Who is the Brilliant Friend?

Vesuvius from Naples at Sunset (Wikipedia) -- often mentioned as
visible from "the neighborhood," the impoverished area where narrator
lives for most of her life.
Brilliant in a wold that doesn't value brilliance. Sensitive in a world full of dishonesty, violence, and death. Seeking identity in a world that subjugates women to men. The two women in Elena Ferrante's Neapolitan novels are irresistible. I've now finished the third and fourth of the series; I wrote about the first two books here: Prosciutto, Symbol of Abundance Amidst Poverty.

The two women are the narrator, Elena Greco, and her friend Lina or Lila or Raffaella Cerullo, both born in 1944. The four books cover the characters' entire lives from their time as star pupils in elementary school through old age. Throughout the first book, I thought that the "brilliant friend" was Lila, but at the end Lila says to the narrator: "you’re my brilliant friend, you have to be the best of all, boys and girls.” (Kindle Location 4173).

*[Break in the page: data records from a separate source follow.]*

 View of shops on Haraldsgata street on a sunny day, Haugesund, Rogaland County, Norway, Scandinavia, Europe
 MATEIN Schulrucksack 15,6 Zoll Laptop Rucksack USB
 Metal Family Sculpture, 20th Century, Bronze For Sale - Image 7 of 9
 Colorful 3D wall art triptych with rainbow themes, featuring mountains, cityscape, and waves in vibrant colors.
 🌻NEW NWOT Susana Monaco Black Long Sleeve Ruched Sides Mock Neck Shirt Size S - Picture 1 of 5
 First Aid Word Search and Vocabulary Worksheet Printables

I think each regards the other as her "brilliant friend." At the end of the last book: "Now I was a mature woman with an established profile. I was what Lila herself, sometimes joking, sometimes serious, had often repeated: Elena Greco, the brilliant friend of Raffaella Cerullo. From that unexpected reversal of destinies I would emerge annihilated." (The Story of the Lost Child: Neapolitan Novels, Book Four pages 459-460).

The first book begins with Lila's disappearance, reported to Elena by her son Rino: "It’s been at least three decades since she told me that she wanted to disappear without leaving a trace, and I’m the only one who knows what she means. She never had in mind any sort of flight, a change of identity, the dream of making a new life somewhere else. And she never thought of suicide, .... She meant something different: she wanted to vanish." (My Brilliant Friend: Neapolitan Novels, Book One, Kindle Locations 173-176).

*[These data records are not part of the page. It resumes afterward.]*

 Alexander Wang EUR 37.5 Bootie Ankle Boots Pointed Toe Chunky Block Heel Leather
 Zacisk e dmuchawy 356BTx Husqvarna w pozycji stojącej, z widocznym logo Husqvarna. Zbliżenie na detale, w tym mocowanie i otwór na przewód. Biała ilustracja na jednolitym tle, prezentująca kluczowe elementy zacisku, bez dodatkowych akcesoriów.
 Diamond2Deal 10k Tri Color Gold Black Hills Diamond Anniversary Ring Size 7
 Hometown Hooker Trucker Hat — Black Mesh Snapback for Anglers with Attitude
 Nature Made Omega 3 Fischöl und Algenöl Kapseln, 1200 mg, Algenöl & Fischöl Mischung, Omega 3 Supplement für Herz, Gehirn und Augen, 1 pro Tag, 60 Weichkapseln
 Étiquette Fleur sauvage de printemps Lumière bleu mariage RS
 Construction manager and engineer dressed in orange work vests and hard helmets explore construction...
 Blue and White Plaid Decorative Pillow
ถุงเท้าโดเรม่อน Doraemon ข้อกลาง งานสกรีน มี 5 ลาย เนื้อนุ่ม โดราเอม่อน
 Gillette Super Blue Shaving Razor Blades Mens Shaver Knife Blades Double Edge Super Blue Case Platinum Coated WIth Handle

The final book ends with this disappearance. By now the reader too knows what is meant. As I read, I often felt that the book was not about two women, but about one woman whose life had two possibilities, which somehow she realized simultaneously. The book is obviously how chance and choice create their two separate destinies from what I see as a single beginning.

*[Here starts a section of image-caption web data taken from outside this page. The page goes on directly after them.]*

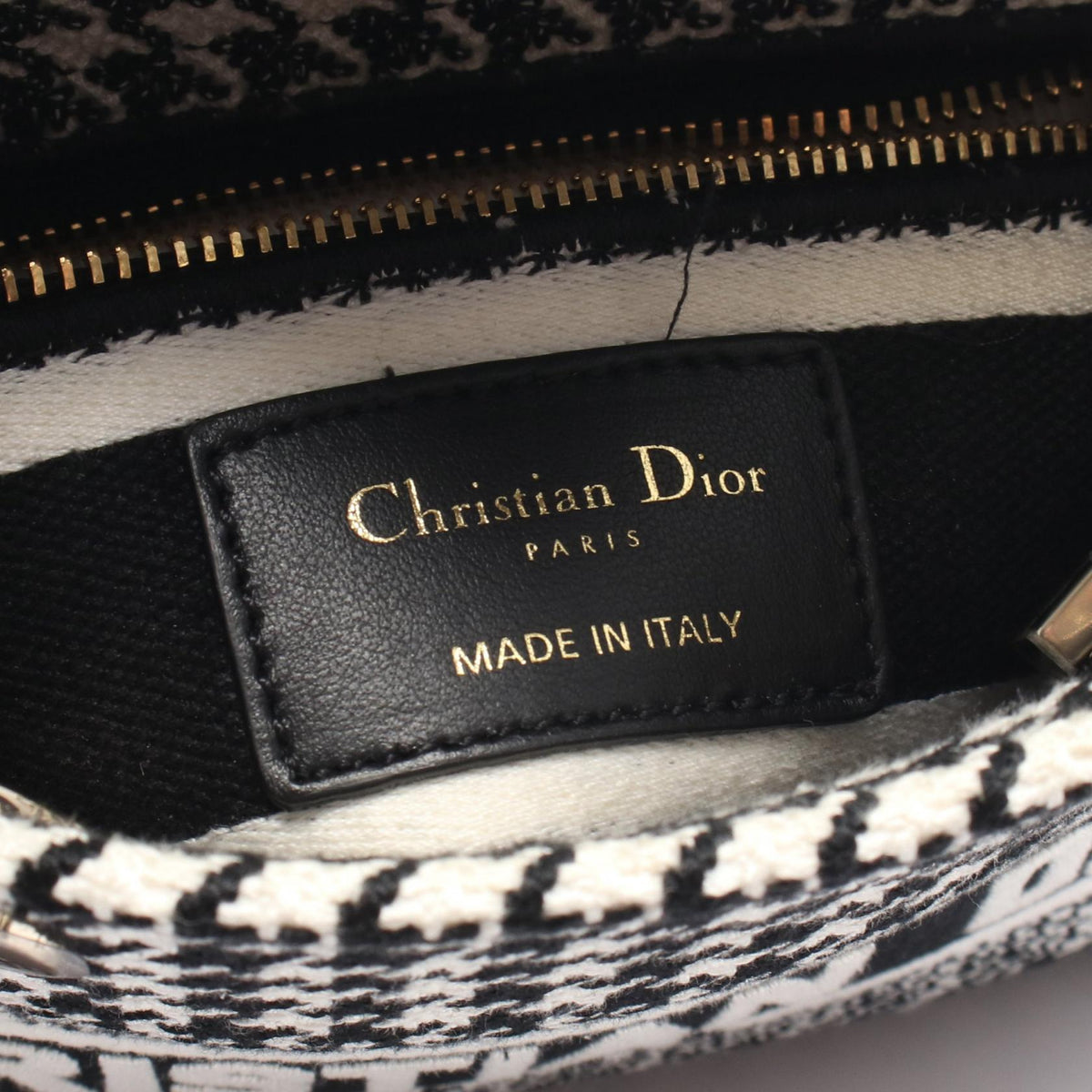 Dior LADY D-LITE Mini Houndstooth 2-Way Bag Handbag Black/White canvas 2106800632330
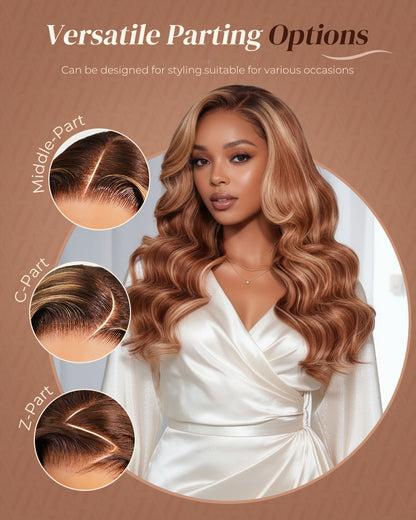 Arabella 2P4/27 4# Brown Mixed 27# Honey Blonde with 2# Dark Brown Roots 13x6 Glueless Lace Front Drawstring Wig Loose Body Wave Wig 100% Human Hair SpringStatements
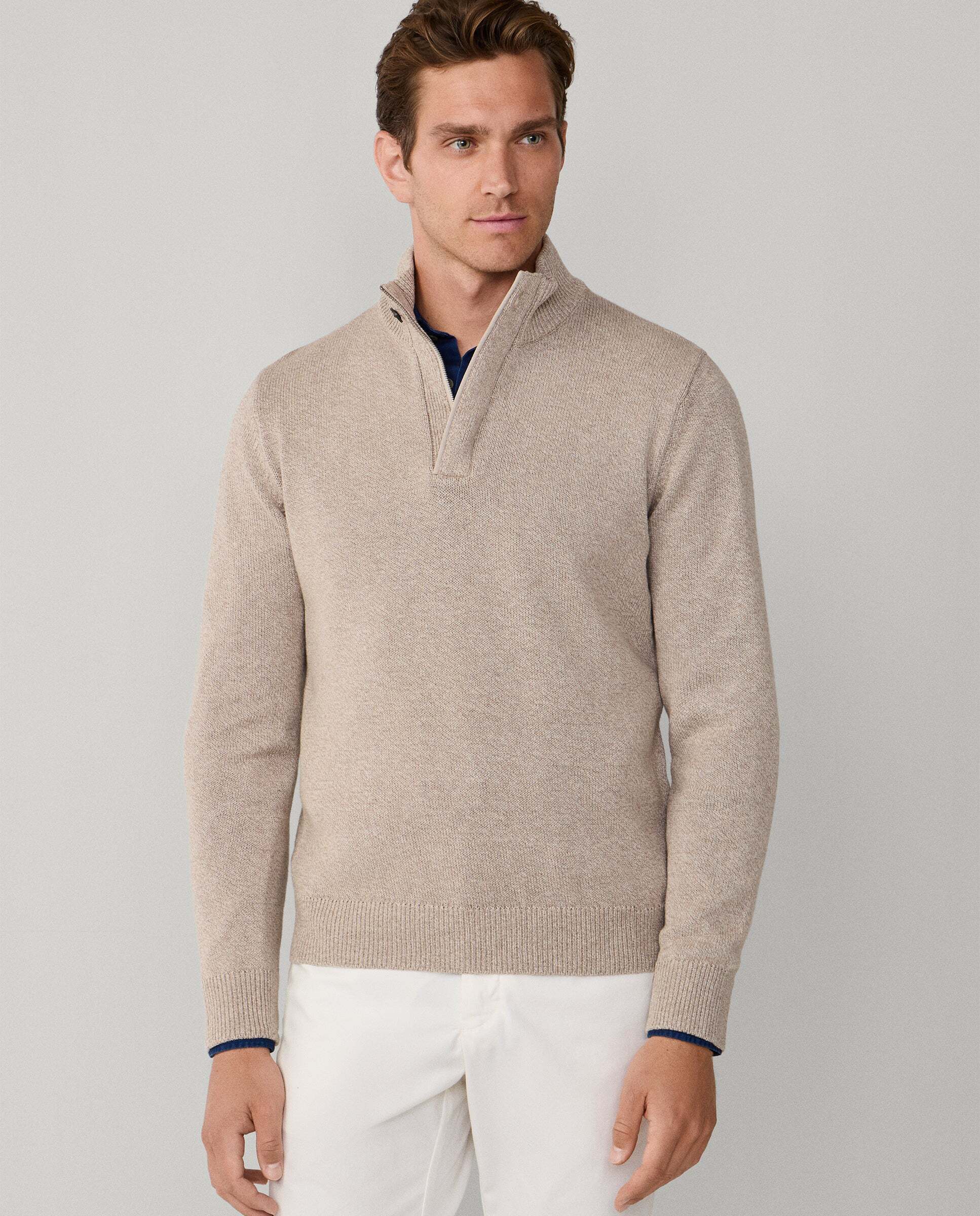 Hackett - Jersey cashmere mouliné con cremallera.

The four volumes follow a progression that seems familiar from feminist novels of earlier times, such as the early novels of Doris Lessing. To summarize these elements of parallel feminist life stories:

  • We begin with unaware girlhood -- Lila and Elena start out with similar promise, similar poverty, similar families, similar fears of the powerful forces in "the neighborhood."
  • For Lila: dropping out before high school and early marriage to a shopkeeper. For Elena: high school and university education, success as a novelist, marriage to an intellectual; above all, respectability. 
  • Children/domestic misery -- here the fact that the women take two paths and especially start domestic life at very different ages means another set of contrasting experiences.
  • Elena leaves the neighborhood and lives in several other Italian cities, as well as in another part of Naples. Lila never leaves the neighborhood.
  • Lila leaves her marriage while still a teenager. She takes a lover, Nino; breaks up with him; then supports herself and her son, first working at a terrible and exploitative factory job. Eventually she studies the newly emerging computer technology and becomes a successful business owner in partnership with a man who eventually is also a life partner.
  • In their early twenties: social awareness. Communist activism, political idealism/ideology for Elena. Lifelong indifference or hostility to conventional politics for Lila. For both: disillusion with male-dominated and doctrinaire politicians and hatred of neighborhood bosses. 
  • Feminism in its militant 1970s form for Elena.
  • Elena leaves her husband over a decade later than Lila -- with the same man, Nino, who has obsessed her since childhood.
  • Throughout, the women's relationship to their children is very important. The children's births, early lives, emergence as adults, and their relationships to each other and to their various fathers provide a major element of the overall plot of the books.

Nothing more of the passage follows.